PARIS.- For the first time in Europe, the Centre Pompidou is to present a comprehensive retrospective of the work of Frank Gehry, one of the great figures of contemporary architecture.

Known all over the world for his buildings, many of which have attained iconic status, Frank Gehry has revolutionised architecture’s aesthetics, its social and cultural role, and its relationship to the city.

It was in Los Angeles, in the early 1960s, that Gehry opened his own office as an architect. There he engaged with the California art scene, becoming friends with artists such as Ed Ruscha, Richard Serra, Claes Oldenburg, Larry Bell, and Ron Davis. His encounter with the works of Robert Rauschenberg and Jasper Johns would open the way to a transformation of his practice as an architect, for which his own, now world-famous, house at Santa Monica would serve as a manifesto.

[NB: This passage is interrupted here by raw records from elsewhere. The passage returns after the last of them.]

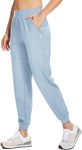 WILLIT Women's Athletic Joggers Pants Running Workout Quick Dry Pants Lightweight with Zipper Pockets Blue Ashes S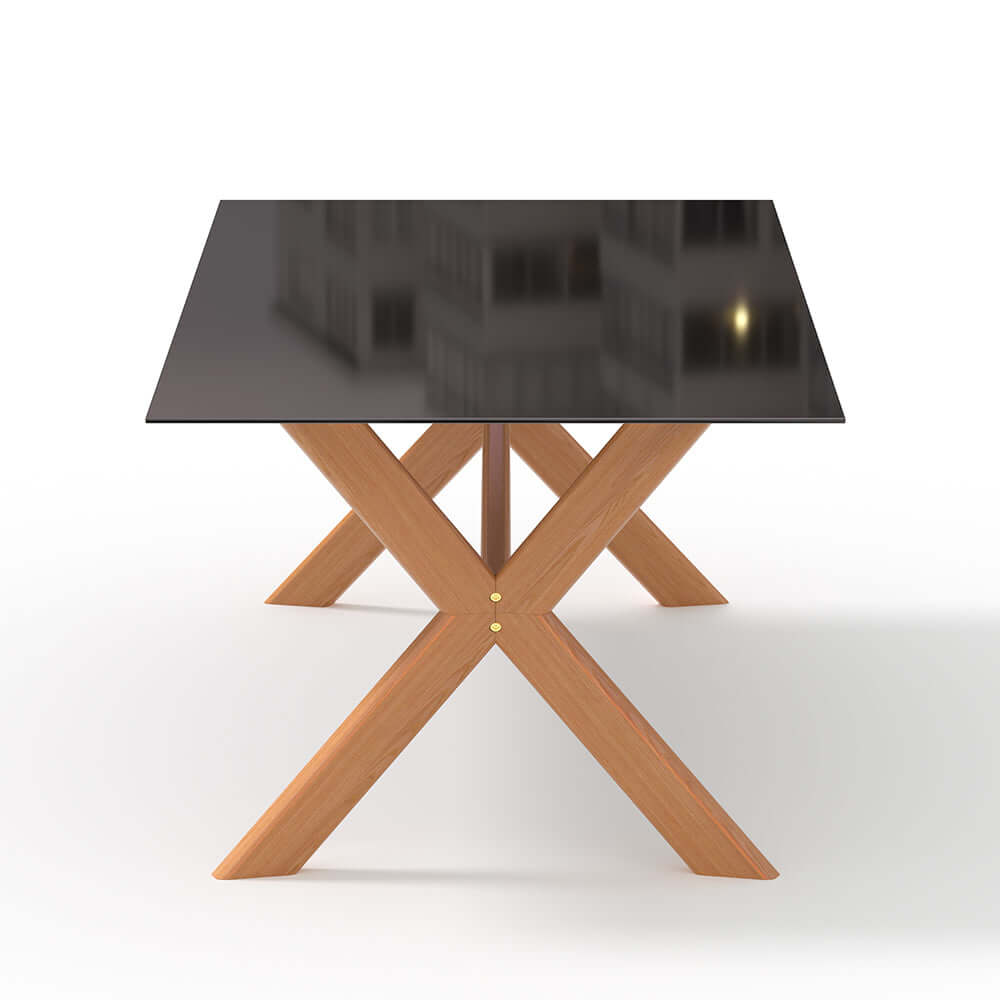 7-piece teak wood dining set for outdoor use with natural rattan armchair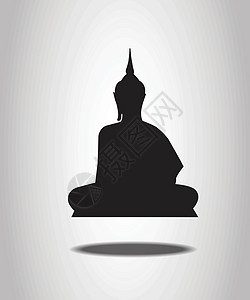 白色背景上的佛剪影上帝文化宗教寺庙精神插图黑色图片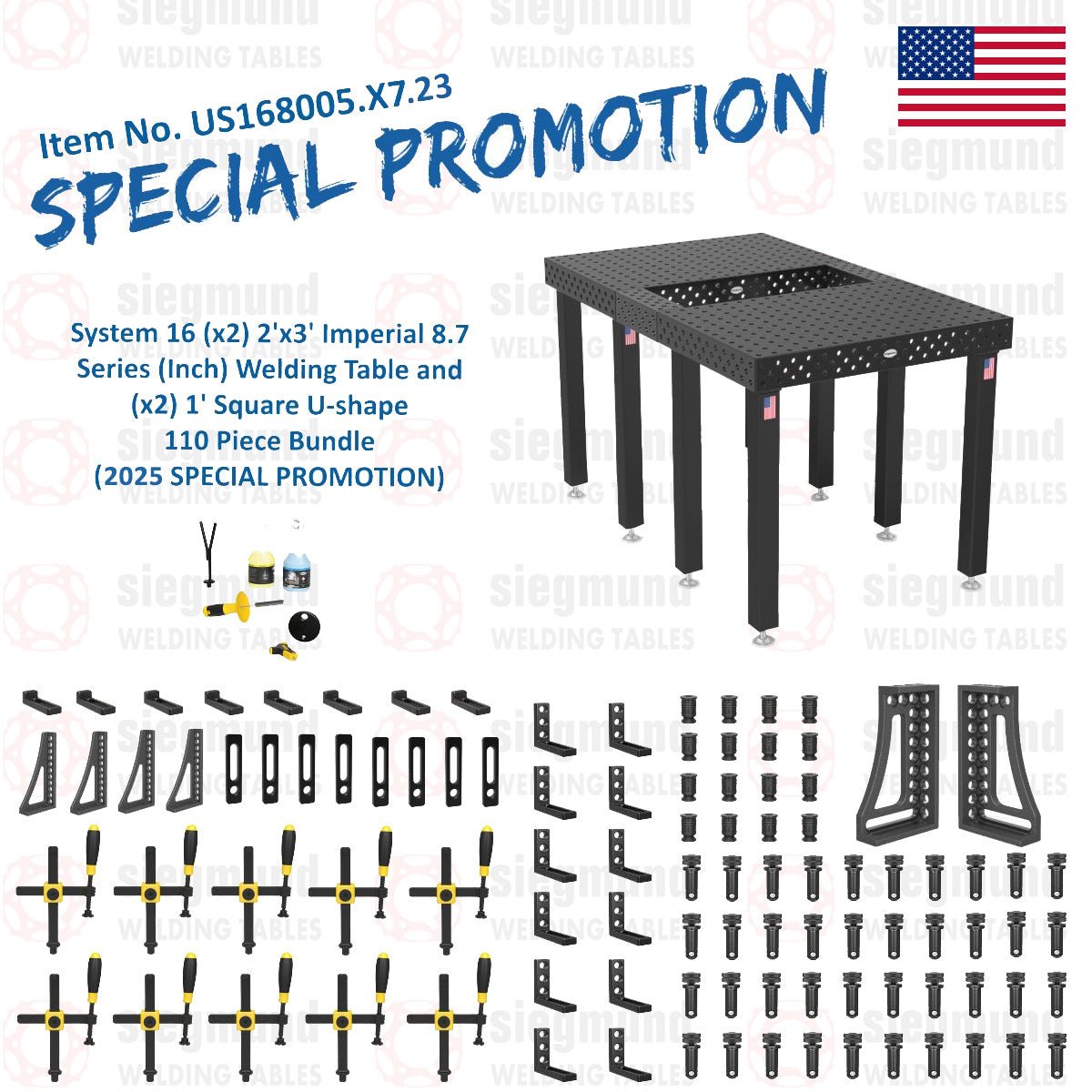 US168005.X7.23: System 16 (x2) 2'x3' (24"x36") Imperial 8.7 Series (Inch) Welding Table and (x2) 1' Square U - shape 110 Piece Bundle (2025 SPECIAL PROMOTION) - System 16 Imperial Series Welding Tables by Siegmund - The Flattest, Most Reliable Welding Tables & Fixturing Accessories in the World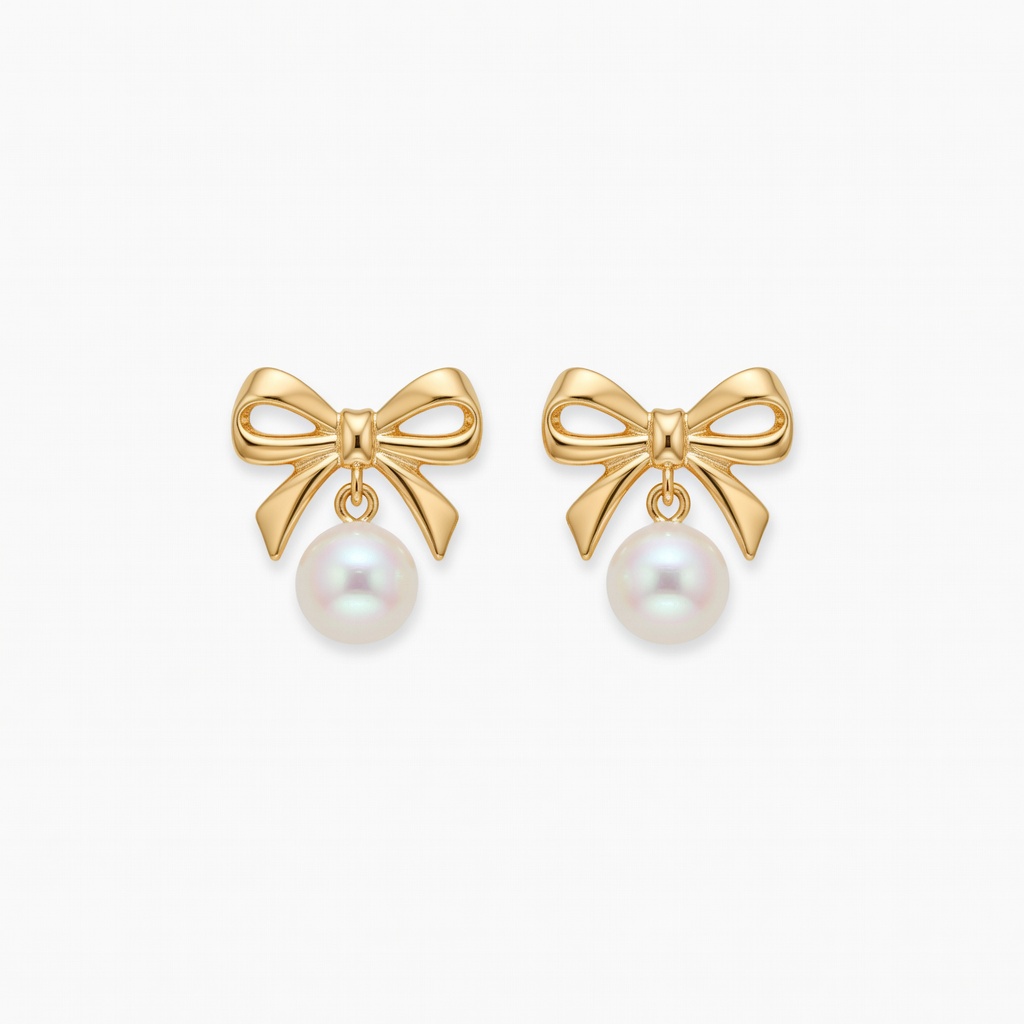 Pearl Bow Drop Earrings
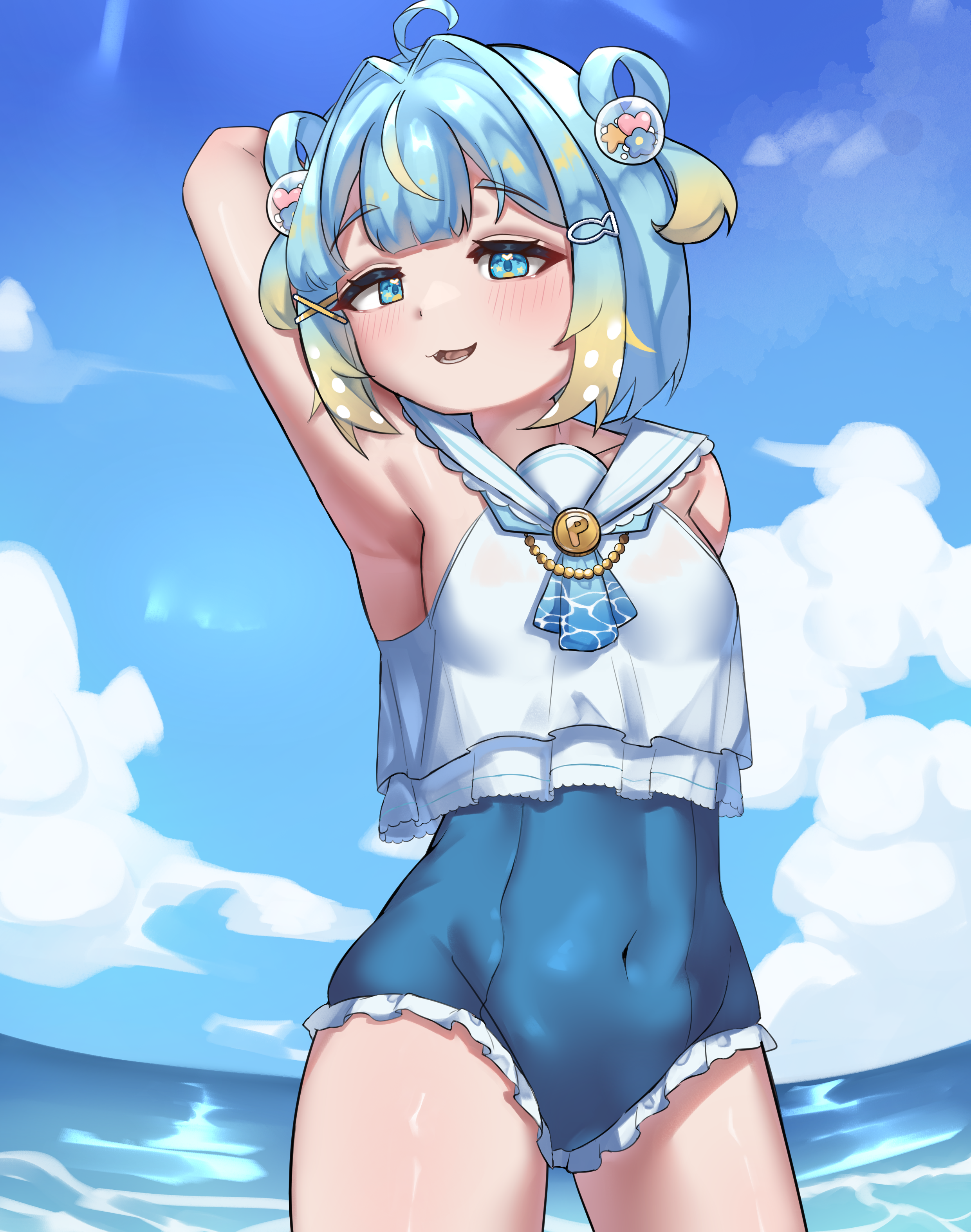jahe png, penny puffball, re:loop!, absurdres, commission, highres, 1girl, belly, blue eyes, blue hair, blush, blush stickers, cloud, cloudy sky, fish hair ornament, frills, hair ornament, looking at viewer, multicolored hair, navel, ocean, open mouth, short hair, sky, solo, swimsuit, virtual youtuber, water, x hair ornament
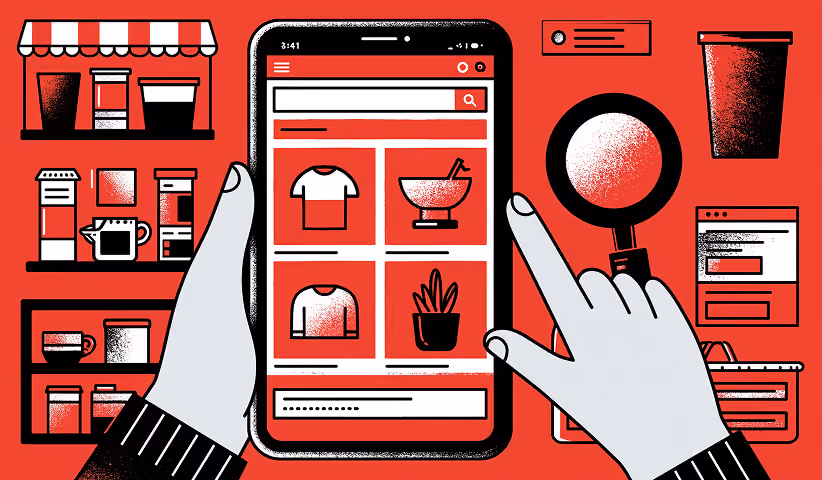 Mobile ecommerce shopping interface with online products.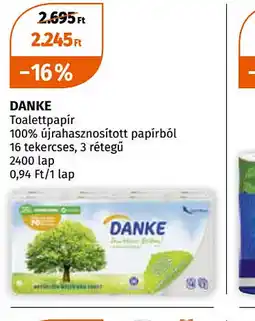 Müller Danke Toalettpapír ajánlat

Frank Gehry’s work has since then been based on the interrogation of architecture’s means of expression, a process that has brought with it new methods of design and a new approach to materials, with for example the use of such “poor” materials as cardboard, sheet steel and industrial wire mesh.

As postmodernisms triumphed, Gehry for his part escaped them. He explained himself in a now famous dialogue with director Sydney Pollack who made a biographical film about the architect in 2005 (Sketches of Frank Gehry – screened as part of the exhibition). “How do you make architecture human?” ; “How do you find a second wind after industrial collapse?”. Such questions run through Gehry’s work, through both the architecture and the urban vision so intimately associated with it. He is indeed as much an urbanist as he is an architect, the Guggenheim Museum, Bilbao, offering one of the most spectacular demonstrations of this – an iconic example of architecture’s capacity to revive the surrounding economic fabric.

Following an earlier presentation of Frank Gehry’s work at the Centre Pompidou in 1992, this retrospective offers a global survey of his work. It describes the development of his formal and architectural language through the different periods into which his career may be divided, from the 1960s to the present. This is done through some 60 major projects, among them the Vitra Design Museum in Germany (1989), the Guggenheim Museum Bilbao (1997), the Walt Disney Concert Hall (2003) and the Beekman Tower in New York (2011).

No other exhibition has ever assembled so many projects – with 225 drawings, 67 models and supporting documentation – to offer a reading of this highly distinctive architectural language. Elaborated in close co-operation with Frank Gehry Partners, the design of the exhibition is organised around two key themes: urbanism and the development of new systems of digital design and fabrication. The exhibition opens at a time when Frank Gehry has been very active in France. After building the American Center in Paris in the 1990s, he has returned in force with two major projects: a start was made on the Fondation Luma at Arles only a few months ago, while the end of October will see the opening of his most recent building, the masterly Fondation Louis Vuitton in Paris.

To accompany the exhibition, Éditions du Centre Pompidou will publish an exhaustive, 260-page catalogue, edited by curators Frédéric Migayrou and Aurélien Lemonier, the most authoritative work on Gehry yet to be published in French. With an exclusive interview with Frank Gehry and essays by art historians and architectural critics Marie-Ange Brayer, Gwenaël Delhumeau, Eliza Culea and Andrew Witt - its 600 illustrations present 60 of Gehry’s most outstanding projects, built or unbuilt, through sketches, drawings, plans, elevations and photographs.